Cerca de 200 manifestantes passaram a madrugada desta sexta-feira (8) acampados em frente ao edifício onde mora o prefeito do Recife, Geraldo Julio (PSB), no bairro da Torre, zona oeste da capital pernambucana.
Integrantes do movimento #OcupeEstelita protestam contra o Projeto de Lei 08/2015, que regulamenta plano urbanístico específico para o Cais José Estelita, Santa Rita e Cabanga, área localizada no centro histórico da cidade. A sanção da lei pelo chefe do Executivo Municipal nesta terça-feira (5), no dia seguinte à aprovação do projeto na Câmara Municipal, deu carta branca para o início do Projeto Novo Recife, liberando a construção de 13 prédios residenciais e comerciais com até 38 andares. O plano urbanístico é alvo de críticas por parte dos ativistas.
Um ato foi realizado na terça (5) e um segundo protesto, que terminou com a ocupação em frente ao prédio, aconteceu nesta quinta-feira (7). A manifestação foi pacífica e não foram registrados confrontos entre ativistas e policiais militares.
Recife: manifestantes voltam a acampar no Cais Estelita
Lideranças do movimento afirmam que a ocupação acontecerá por tempo indeterminado. Na página do #OcupeEstelita no Facebook, os ativistas explicaram porque decidiram acampar em frente ao imóvel de Geraldo Julio: “Quando são fechadas as vias de diálogo, não resta opção que não ocupar e resistir! Trazemos para a casa do prefeito a revolta contra a destruição do Cais José Estelita e a venda da cidade do Recife às construtoras”.
Eles reivindicam a revogação imediata da lei que, na avaliação do grupo, foi aprovada de forma ilegal, e que seja instaurada, sob mediação do Ministério Público, para a revisão do processo e do projeto.

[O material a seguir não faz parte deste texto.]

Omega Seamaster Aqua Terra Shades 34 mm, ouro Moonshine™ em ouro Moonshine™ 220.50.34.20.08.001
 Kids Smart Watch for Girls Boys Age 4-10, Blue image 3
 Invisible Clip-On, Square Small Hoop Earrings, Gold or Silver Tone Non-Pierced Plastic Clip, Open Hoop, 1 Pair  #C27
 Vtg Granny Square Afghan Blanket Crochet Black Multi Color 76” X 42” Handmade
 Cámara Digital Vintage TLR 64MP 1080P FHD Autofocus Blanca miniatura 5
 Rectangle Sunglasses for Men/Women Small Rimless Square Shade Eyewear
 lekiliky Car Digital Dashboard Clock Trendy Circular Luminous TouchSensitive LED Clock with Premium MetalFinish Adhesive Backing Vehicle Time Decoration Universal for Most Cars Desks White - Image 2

Em nota publicada no último dia 5, a prefeitura afirmou que o projeto de lei “encerra um processo de amplo debate com os diferentes segmentos da sociedade” e que durante 42 dias, ele foi foi discutido em audiência pública e em quatro comissões temáticas, “todas concluindo os pareceres favoráveis que habilitaram o processo de votação em plenário”.

Na descrição de sua página na rede social, o #OcupeEstelita se apresenta como um movimento que “luta há três anos contra um modelo de desenvolvimento urbano guiado apenas por interesses econômicos, que destrói a identidade de nossa cidade e promove uma ideia ultrapassada de progresso e modernização”.